▶ **What this task involves**: Everything from the line containing "28108 N Desert" to the last line of the listing below should be restated exactly, both ends included, with nothing added and the pictures omitted.

▶ **Given data**:
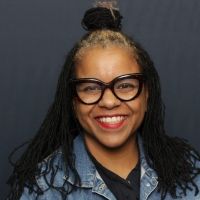 Geffen Playhouse Selects Playwrights For The Writers' Room 2020/2021 Cycle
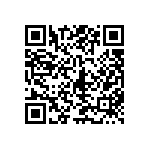 C1005X8R1H682M050BE QRCode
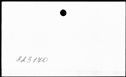 00888752.jpg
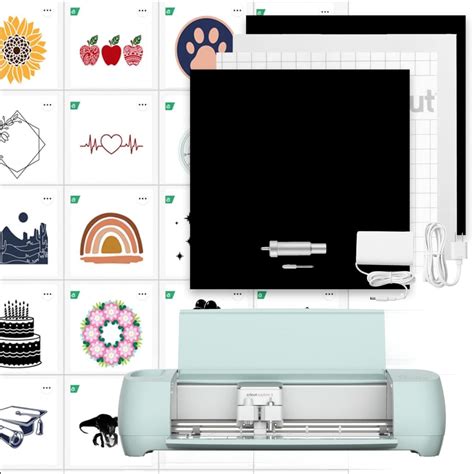 Download Free Go Explore Bundle Cut Images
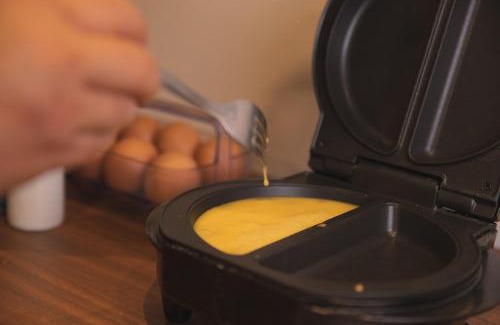 Bento Goncalves House | Pousada Calza - Vale dos Vinhedos - Bento Gonçalves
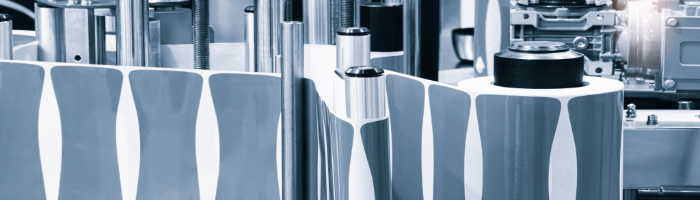Sanitary Pad Vending Machine Cost in India: A Procurement Guide for Schools and Institutions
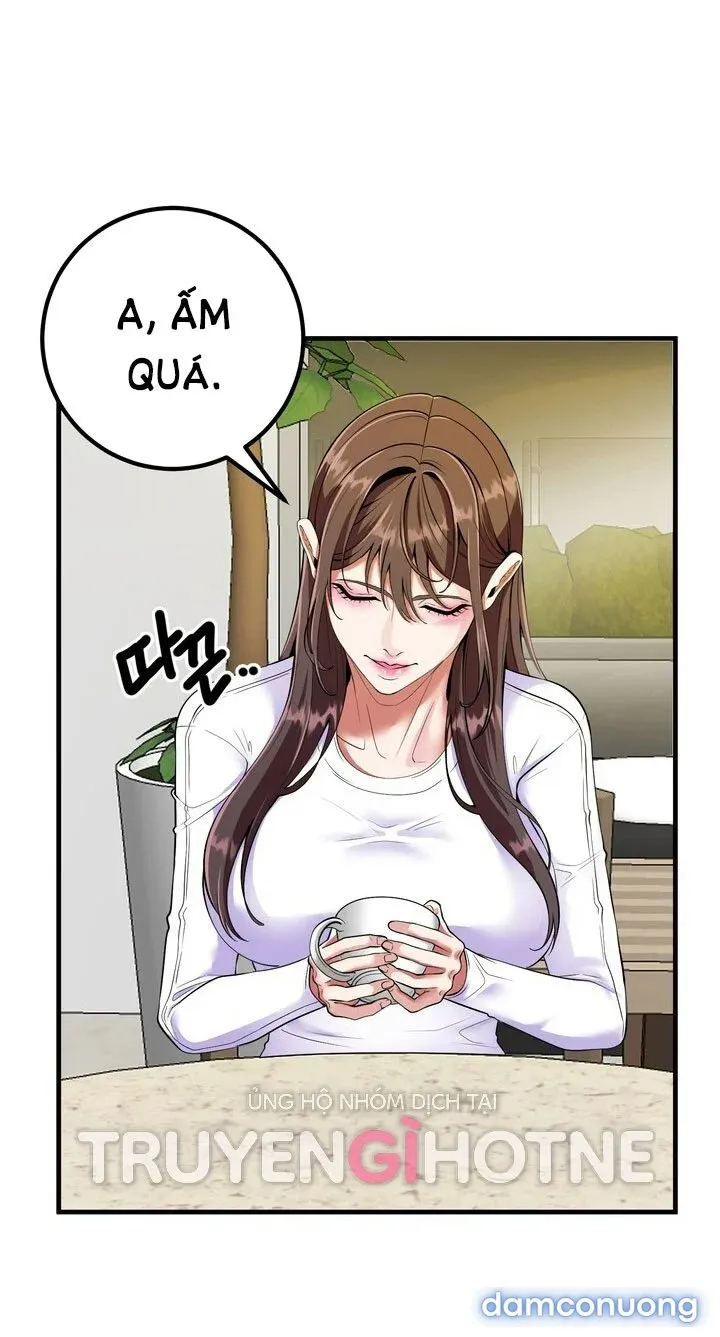 [18+] Người Vợ Gợi Cảm 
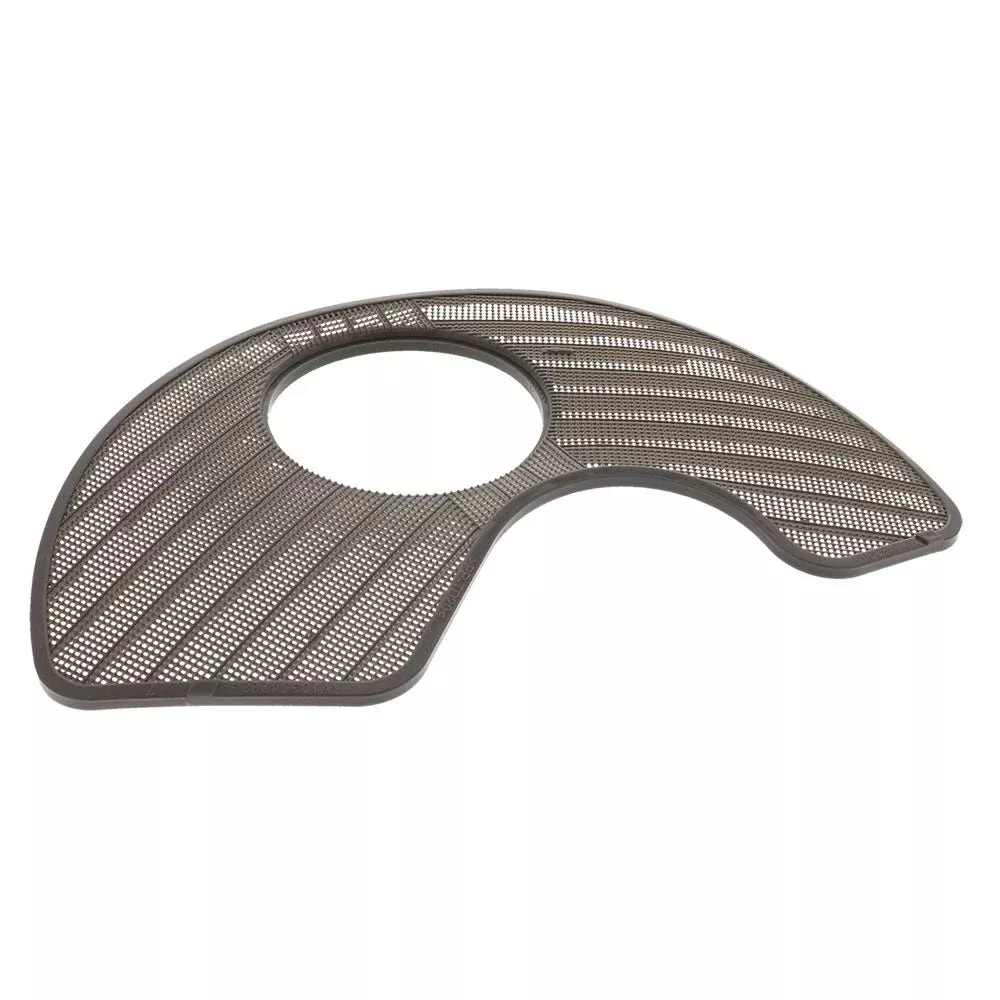 w10463906-dishwasher-screen-filter-whirlpool W10463906 Dishwasher Screen Filter for Whirlpool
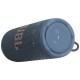 Колонка Bluetooth JBL Grip, Синій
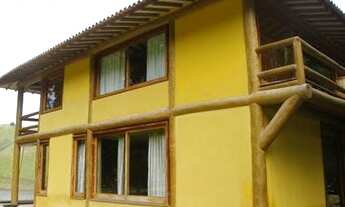 Imagem: Carta Contemplada para imóveis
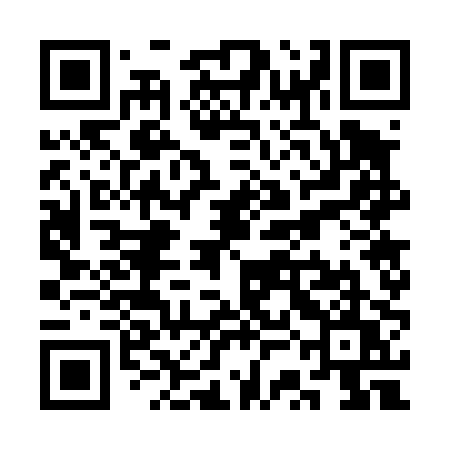QR code for SSG40U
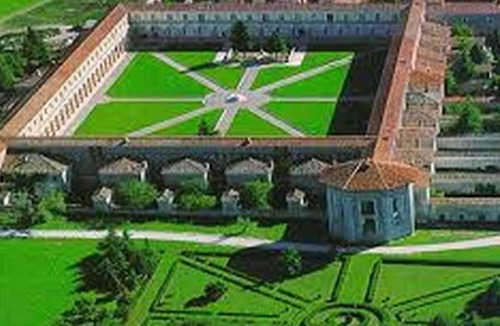 Torchiara House | One holiday, many opportunities. Special prices
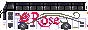 5683_1.gif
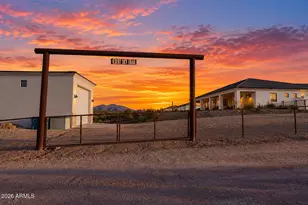 28108 N Desert Sky Trl, Queen Creek, AZ 85144 - Photo 3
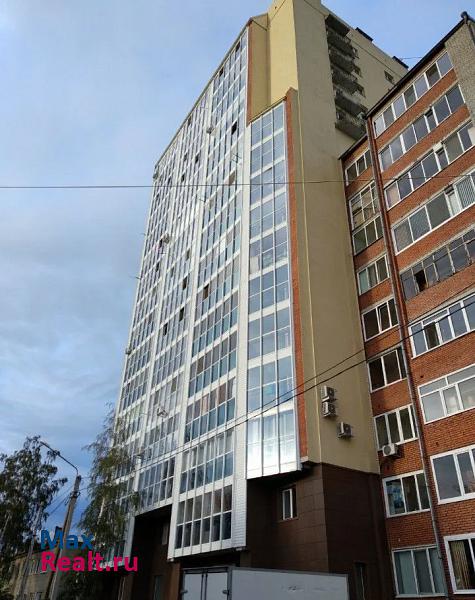 Мельничная улица, 47 Томск продам квартиру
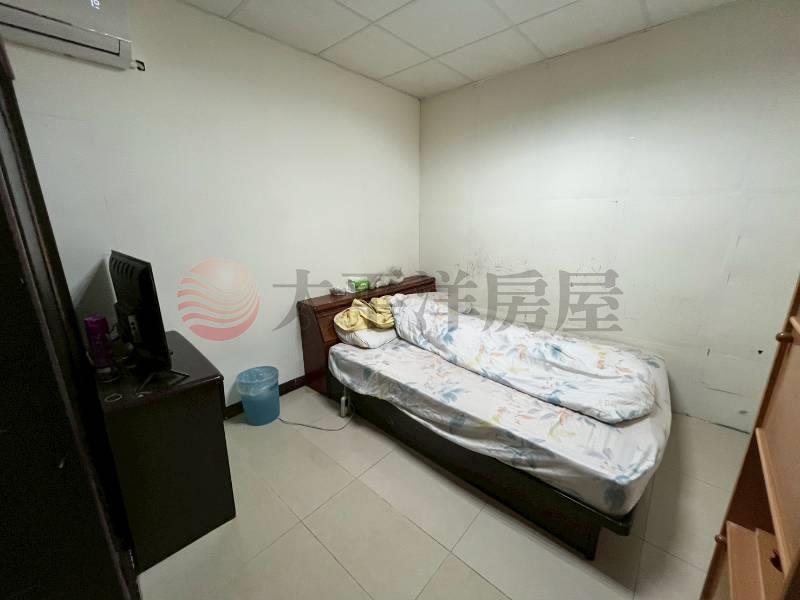 A29中港三街 物超所值 投資自用兩相宜,新北市新莊區中港三街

▶ **Exercise answer**:
 28108 N Desert Sky Trl, Queen Creek, AZ 85144 - Photo 3
 Мельничная улица, 47 Томск продам квартиру
 A29中港三街 物超所值 投資自用兩相宜,新北市新莊區中港三街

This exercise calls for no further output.